=== Begin Enclosure ===

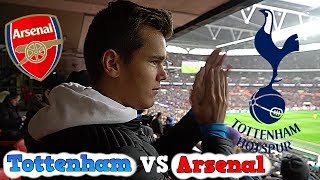 DEN VILDESTE FODBOLD KAMP  TOTTENHAM VS ARSENAL MED DRENGENE [upl. by Eessac]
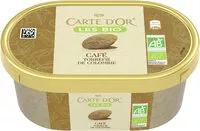 Mängden socker i CARTE D'OR Glace Crème Glacée Bio Café Torréfié de Colombie 450ml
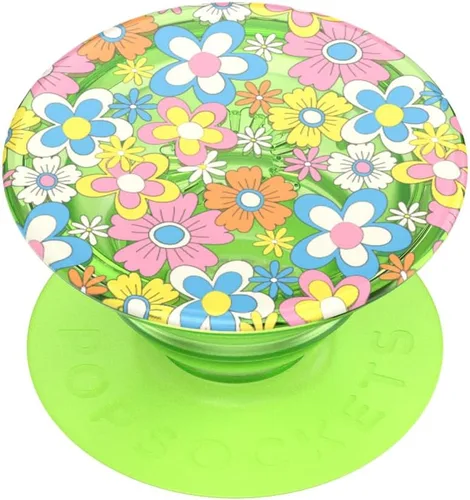 Vista 9 de PopSockets - Agarre para teléfono con soporte expandible, agarre adhesivo, Bleary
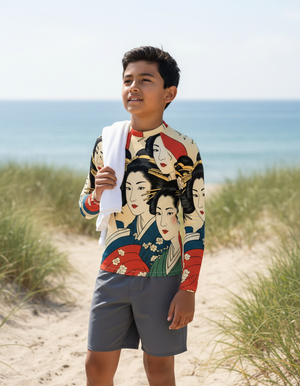 Yume Youth Rash Guard Youth Rash Guard — Dripper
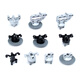 
Belego compatible with 46490 technology parts accessories 92908+92909+11950+1194 suspension drive suspension drive axle 1 [4 sets]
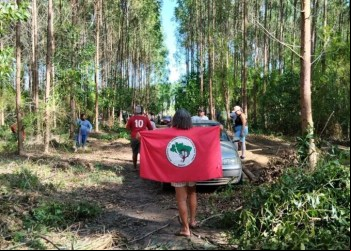 MST INVADE TERRAS EM ARACRUZ, NO ESPÍRITO SANTO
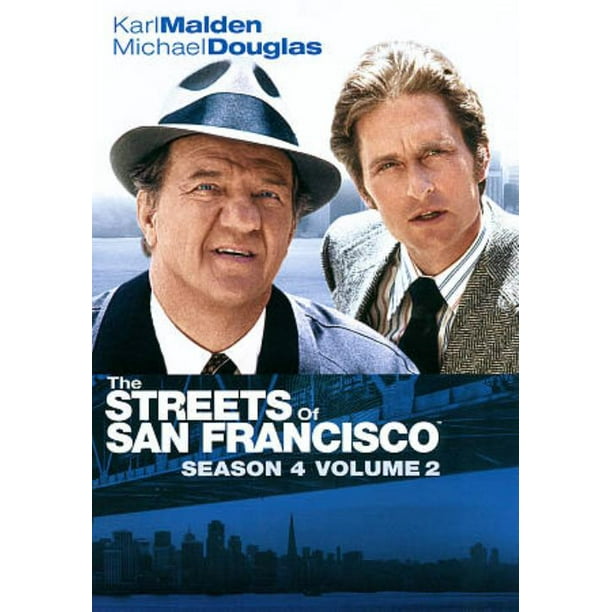Rues de San Francisco: Saison 4, Vol. 2 DVD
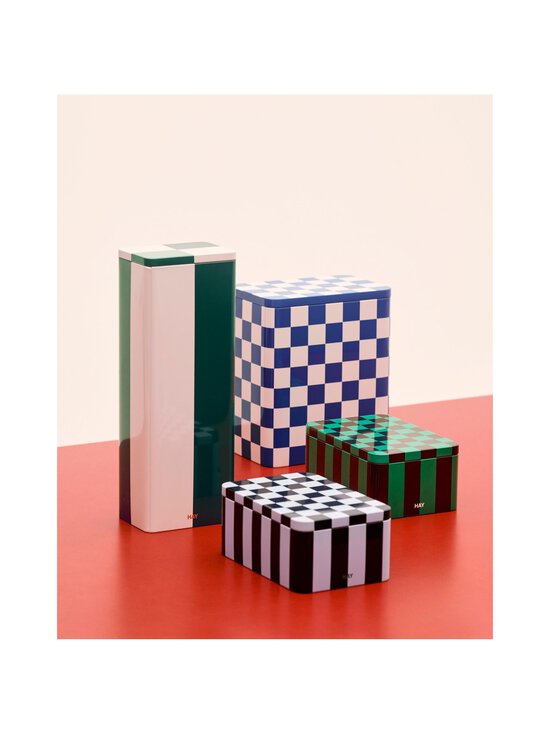 HAY - Tin Container Slim - GREEN AND OFF-WHITE - photo 6 HAY - Tin Container Slim - GREEN AND OFF-WHITE | Stockmann - photo 6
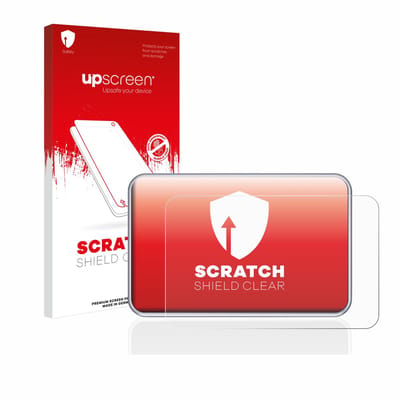 upscreen - Screenprotector voor Tandem diabetes care t:slim X2 Insulin Pump - Folie Beschermfolie transparant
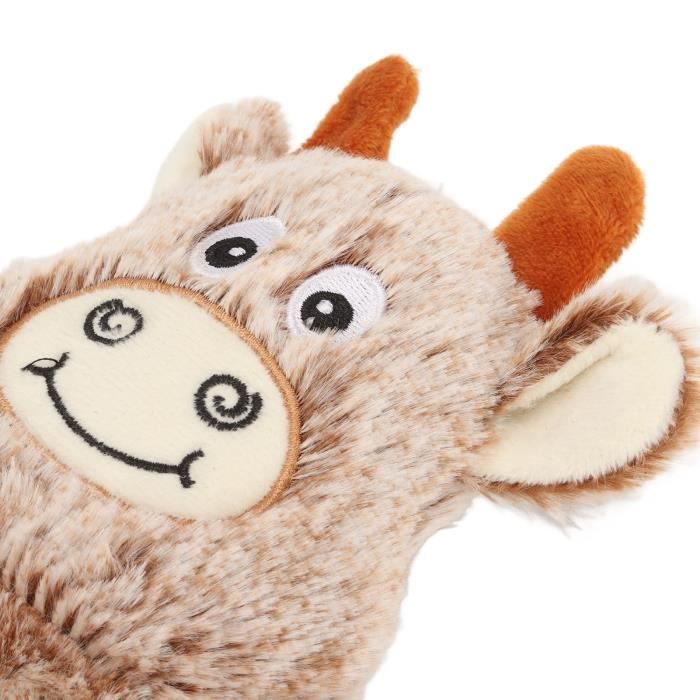 Jouet en peluche anti-stress en peluche animal marin avec maille en peluche supe
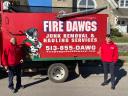 Fire Dawgs Junk Removal Cincinnati logo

=== End Enclosure ===

- [Task instructions]:
Set down every record above exactly as it stands, but skip the pictures.

- [Task result]:
 DEN VILDESTE FODBOLD KAMP  TOTTENHAM VS ARSENAL MED DRENGENE [upl. by Eessac]
 Mängden socker i CARTE D'OR Glace Crème Glacée Bio Café Torréfié de Colombie 450ml
 Vista 9 de PopSockets - Agarre para teléfono con soporte expandible, agarre adhesivo, Bleary
 Yume Youth Rash Guard Youth Rash Guard — Dripper
Belego compatible with 46490 technology parts accessories 92908+92909+11950+1194 suspension drive suspension drive axle 1 [4 sets]
 MST INVADE TERRAS EM ARACRUZ, NO ESPÍRITO SANTO
Rues de San Francisco: Saison 4, Vol. 2 DVD
 HAY - Tin Container Slim - GREEN AND OFF-WHITE - photo 6 HAY - Tin Container Slim - GREEN AND OFF-WHITE | Stockmann - photo 6
 upscreen - Screenprotector voor Tandem diabetes care t:slim X2 Insulin Pump - Folie Beschermfolie transparant
 Jouet en peluche anti-stress en peluche animal marin avec maille en peluche supe
 Fire Dawgs Junk Removal Cincinnati logo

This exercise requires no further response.